Lentamente il bambino scopre che nonostante l’ambiente e il reale lo mettano davvero alla prova, suscitando e alimentando la sua rabbia, il suo desiderio di provare e riprovare rimane integro fino ad arrivare ad avere la pazienza di rifare la torre che inevitabilmente ad un certo punto cadrà.

Il suo interesse si sposta dal desiderio magico di avere il controllo sull’ambiente al desiderio di conoscere l’ambiente così com’è. Da qui si inizia a diventare grandi e soprattutto curiosi di scoprire tutte le possibilità che il mondo mette a disposizione. Inizia la costruzione del pensiero che accompagna la capacità di immaginare senza necessariamente dover rifare l’esperienza pratica.

Il pensiero diventa astratto e la pazienza supporta il raggiungimento del risultato.

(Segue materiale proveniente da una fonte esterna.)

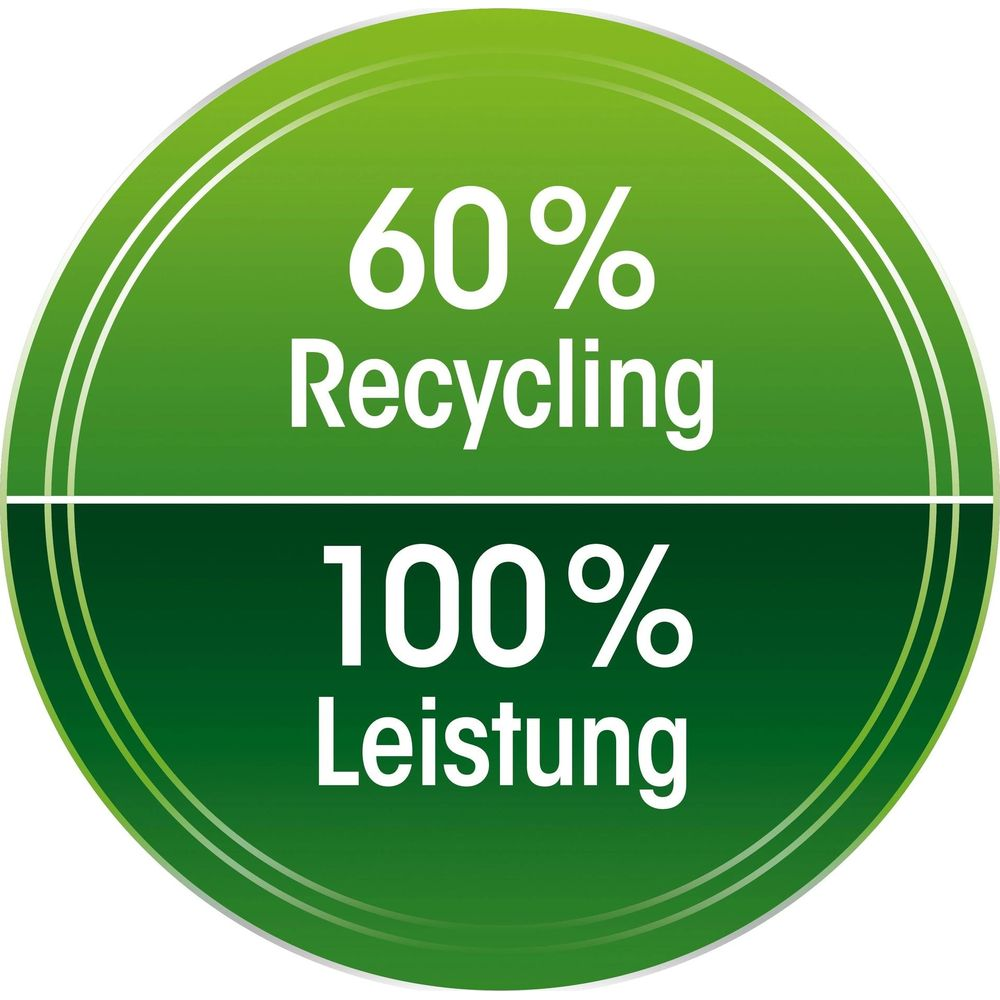 Círculo verde con texto: 60% Reciclaje, 100% Rendimiento.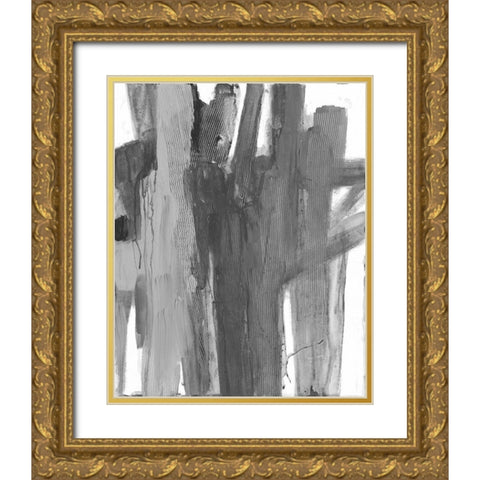 Monochromatic Smears 1 Gold Ornate Wood Framed Art Print with Double Matting by Haynes, Smith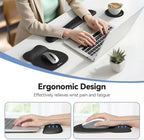 TECKNET Gel Ergonomic Mouse Pad & Keyboard Wrist Rest & Coaster | 3 in 1 Set, Pain Relief, Milk Silk Cloth, Non-Slip PU Base, Easy Typing, Memory Foam Wrist Support for Office & Home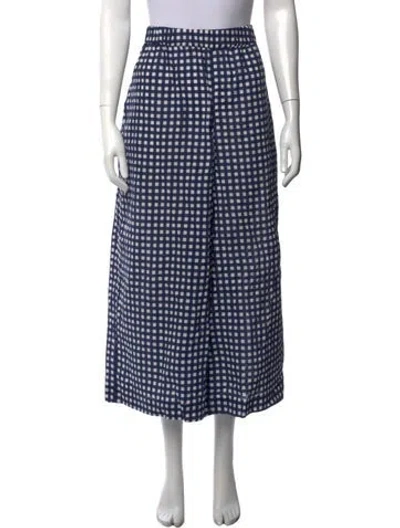 Pre-owned Fabiana Pigna Plaid Print Wide Leg Pants In Blue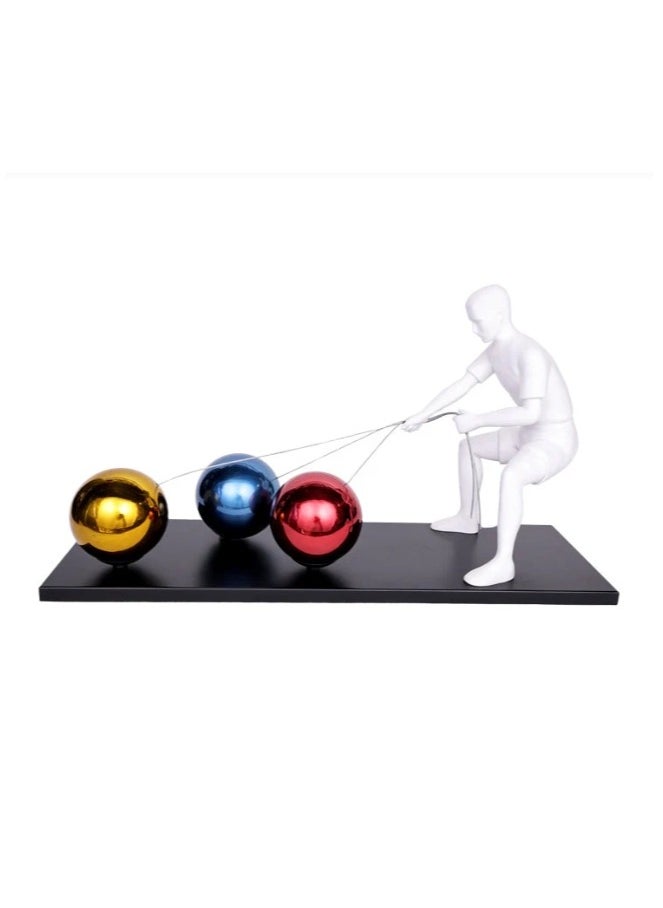 Modern Abstract Pulling Sculpture with Metallic Spheres – Decorative Art Resin Figurine for Home or Office Desk Décor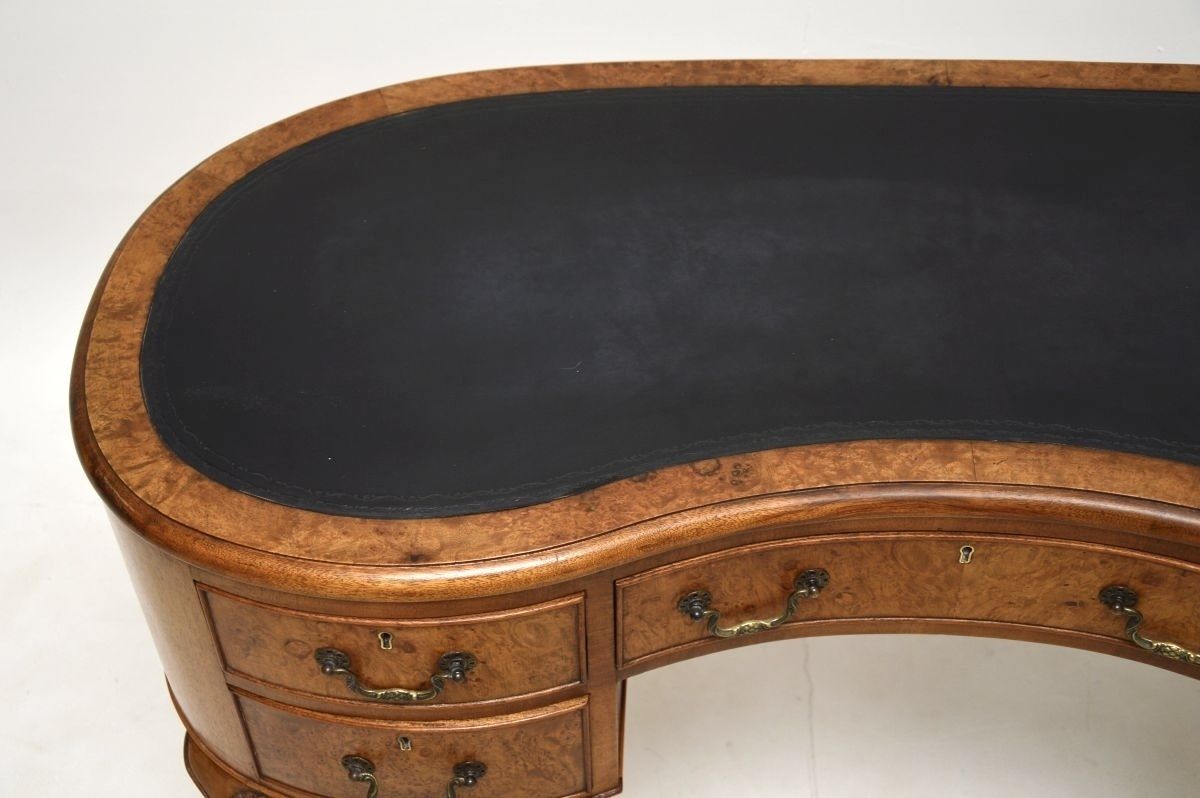 Antique Burr Walnut Leather Top Kidney Shaped Desk photo for sale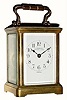 C.1900, French, Brass Cased Miniature carriage timepiece in good original condition.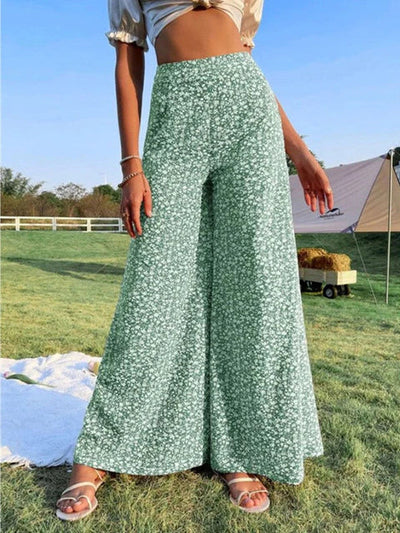 Pantalon imprimé à motif fleuri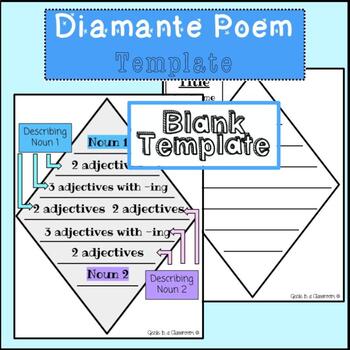 Preview of Diamante Poem Template [DISTANCE LEARNING]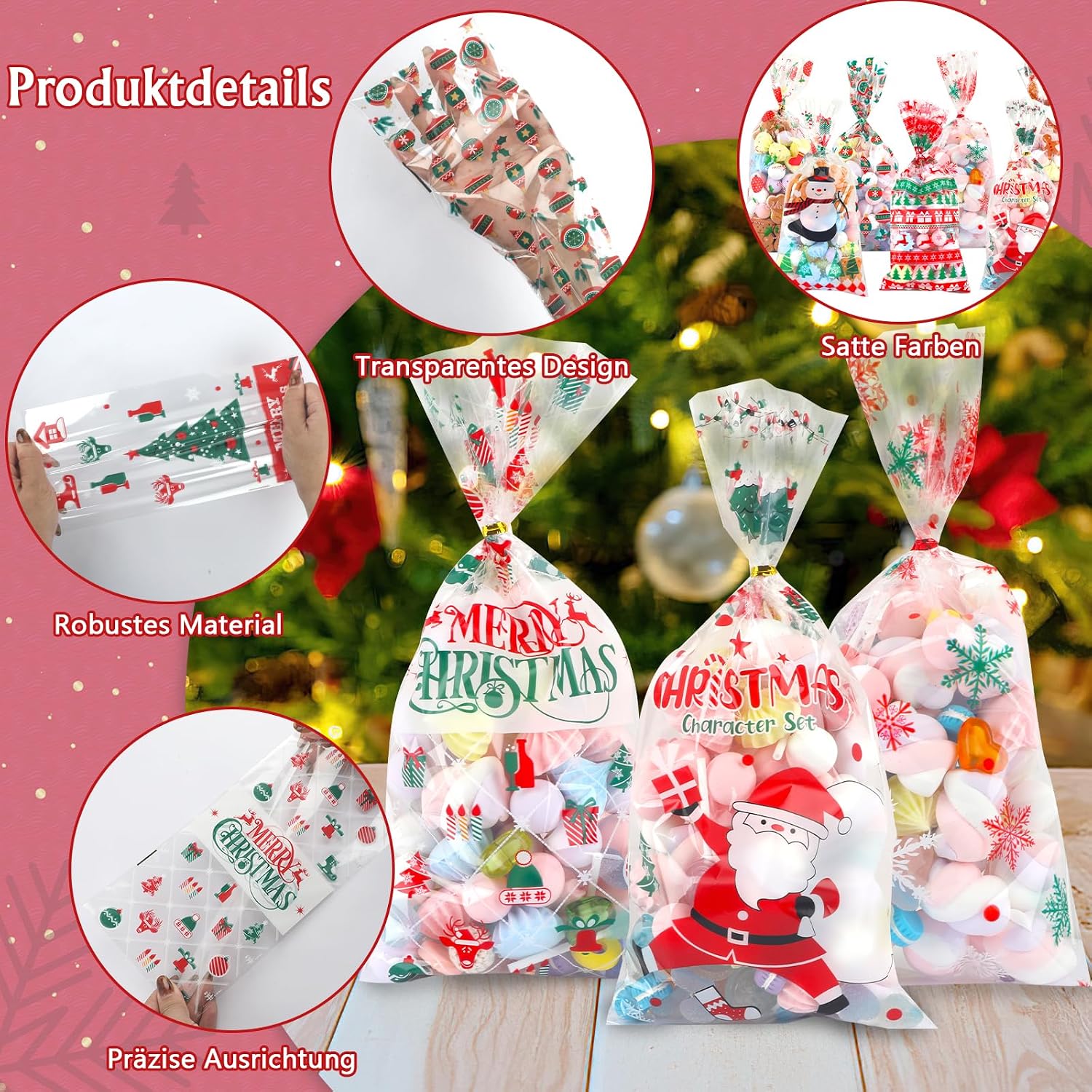 Pack of 120 Cellophane Bags, Christmas Candy Bags, Biscuits, Goody Bags with 120 Twist Ties, Bags for Filling, Cellophane Bags Small for Cookies, Biscuits, Chocolates (White) – Bild 3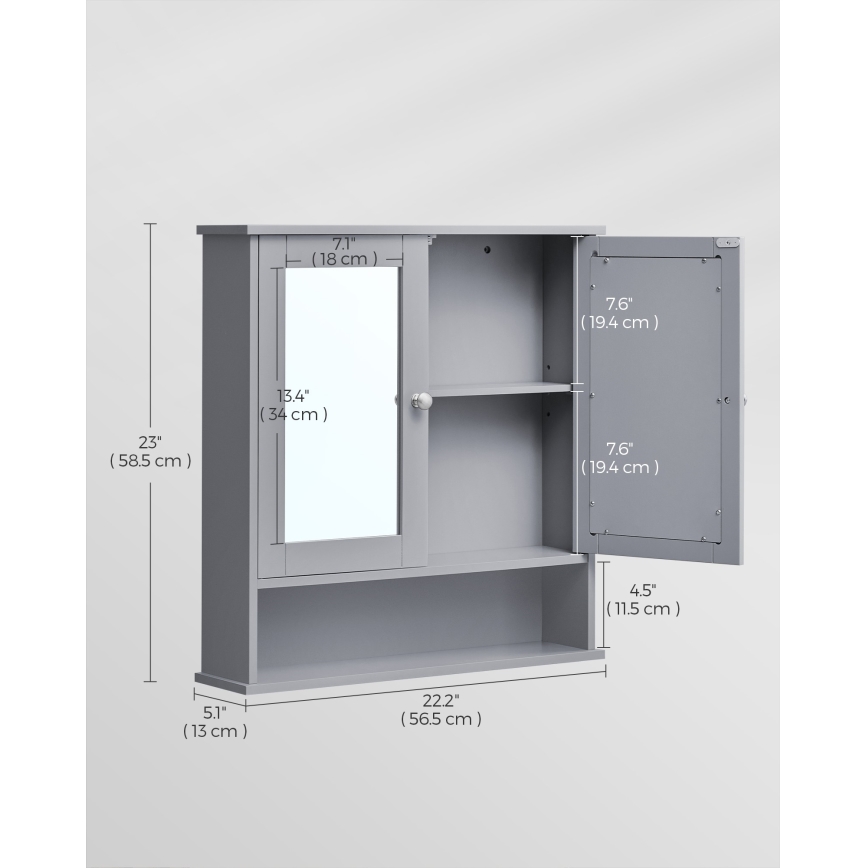 Spiegelschrank ZARA 58,5 x 56,5 cm, grau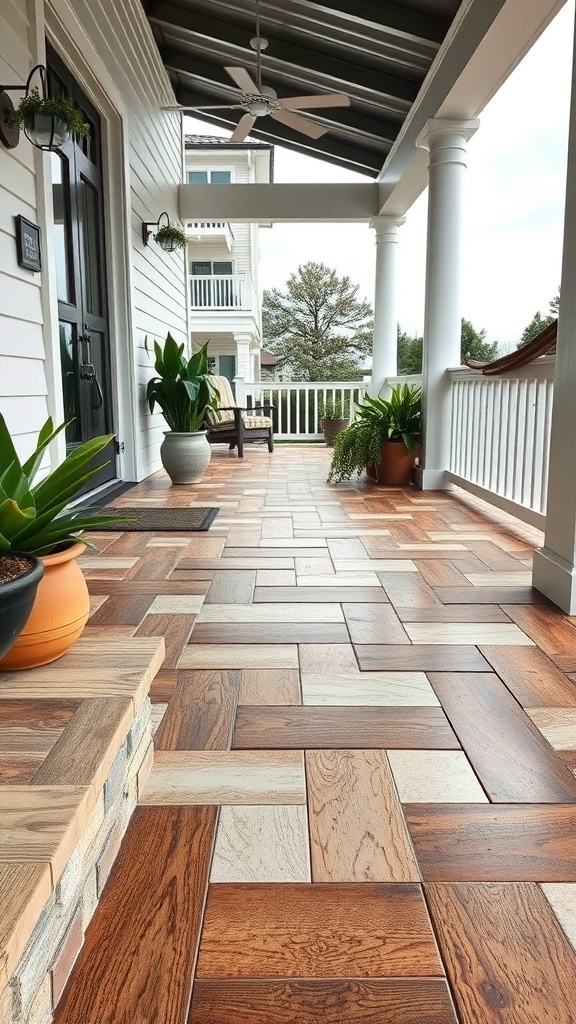 An epoxy porch featuring geometric patterns that resemble wood, showcasing a modern outdoor space.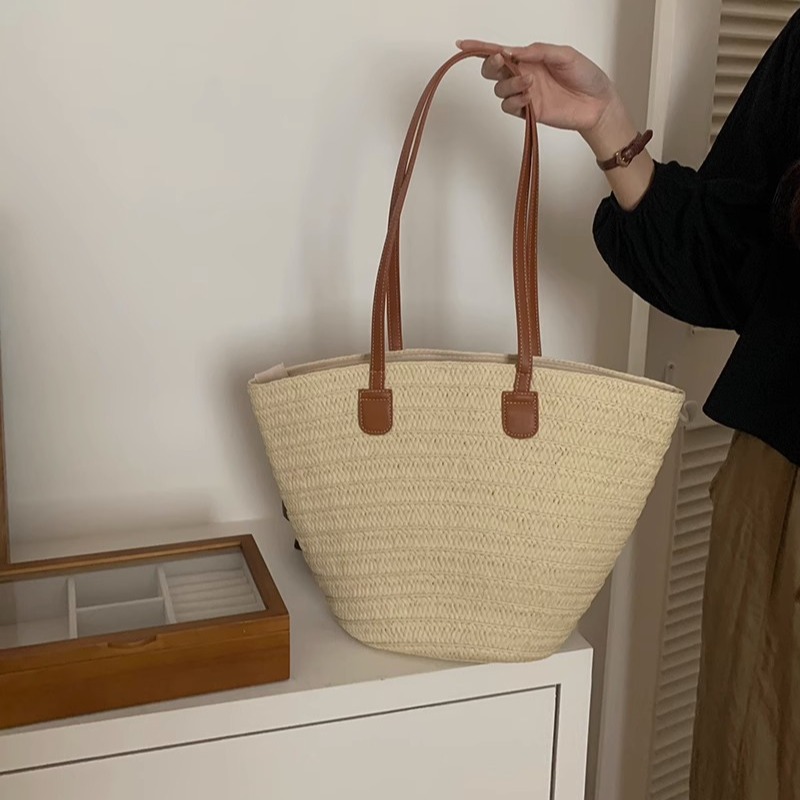 Straw For Women Large Capacity 2026 New Vacation Beach Woven Bucket Commuter Tote Bag Trendy - Image 3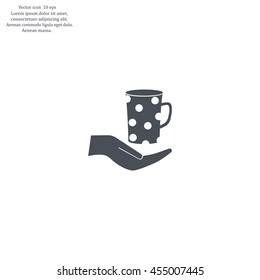 Vector icon hand hold coffee cup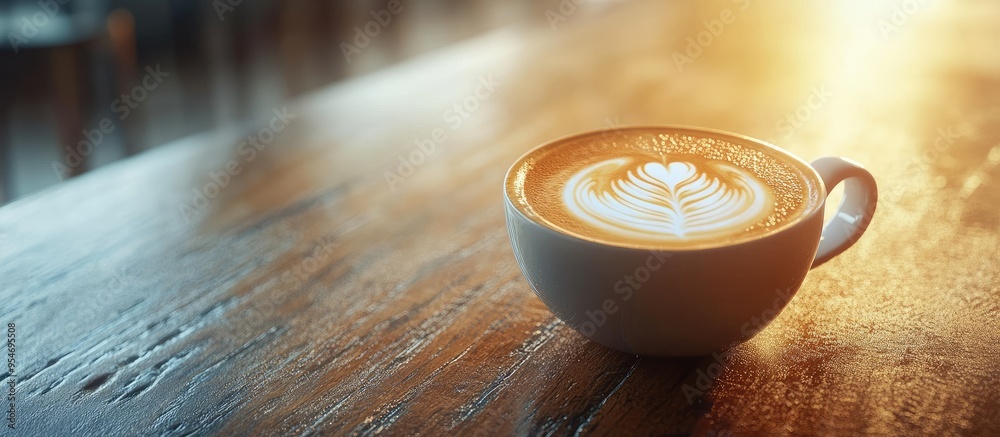 Poster Close up of latte art in hot coffee on a wooden table. with copy space image. Place for adding text or design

Il ruolo dell’adulto in questo momento della vita del bambino è molto importante, deve accogliere la rabbia scatenata dalla scoperta dell’oggetto trovando parole  rassicuranti che rendano più semplice l’incontro con l’insuccesso.

“Se le prime reazioni sono sovente delle reazioni di rivolta contro l’insuccesso, con l’aggressività distruttrice, ma poco a poco – a condizione che l’adulto non intervenga, né per giudicare, né per aiutare, dimostrare, spiegare – il bambino acquisisce la pazienza e la perseveranza che assicurano la costanza del desiderio attraverso le difficoltà di realizzazione.” (B. Aucouturier)

DIARIO DI BORDO DI UNA PSICOMOTRICISTA

Perché gli articoli di blog?

Ho pensato di stilare una lista di tutte le cose importanti che quotidianamente vivo nel mio lavoro con i bambini e i genitori.

Spesso, insieme all’osservazione del comportamento spontaneo del bambino mi pongo l’obiettivo di conciliare il tempo dell’adulto, veloce, logico ed emotivo con quello del bambino, curioso, a volte lento o caotico, come un disegno che prende vita sul foglio.

Mi sembra interessante soffermarmi sulla diversità dell’adulto e del bambino, sui loro bisogni e su un sentire che, a tratti, li pone molto lontani o troppo vicini, quasi sovrapponibili, creando, di fatto, un inciampo che rallenta il passo e che aumenta per entrambi la confusione e la frustrazione.

L’incontro fra le persone segue sempre delle regole non dette, estremamente importanti e molto precise, che permettono il fluire delle idee, la stesura, la realizzazione di progetti e la capacità di creare dei simboli che semplifichino la comprensione, come il disegno di una matita per indicare la matita stessa.

Portare i contenuti all’esterno è sempre un valido aiuto.

Ma per realizzare tutto questo non basta un’idea, né l’azione o l’istinto come non basta essere tanti o solo in due, servono gli elementi fondamentali che costituiscono la base delle relazioni.

L’incontro è sicuramente motivato da un bisogno istintivo, dall’impulso che determina la spinta verso l’altro. Ma perché l’istinto si trasformi in consapevolezza è necessario porre la giusta attenzione alle regole che definiscono la relazione e che nel tempo diventano la nostra cifra stilistica.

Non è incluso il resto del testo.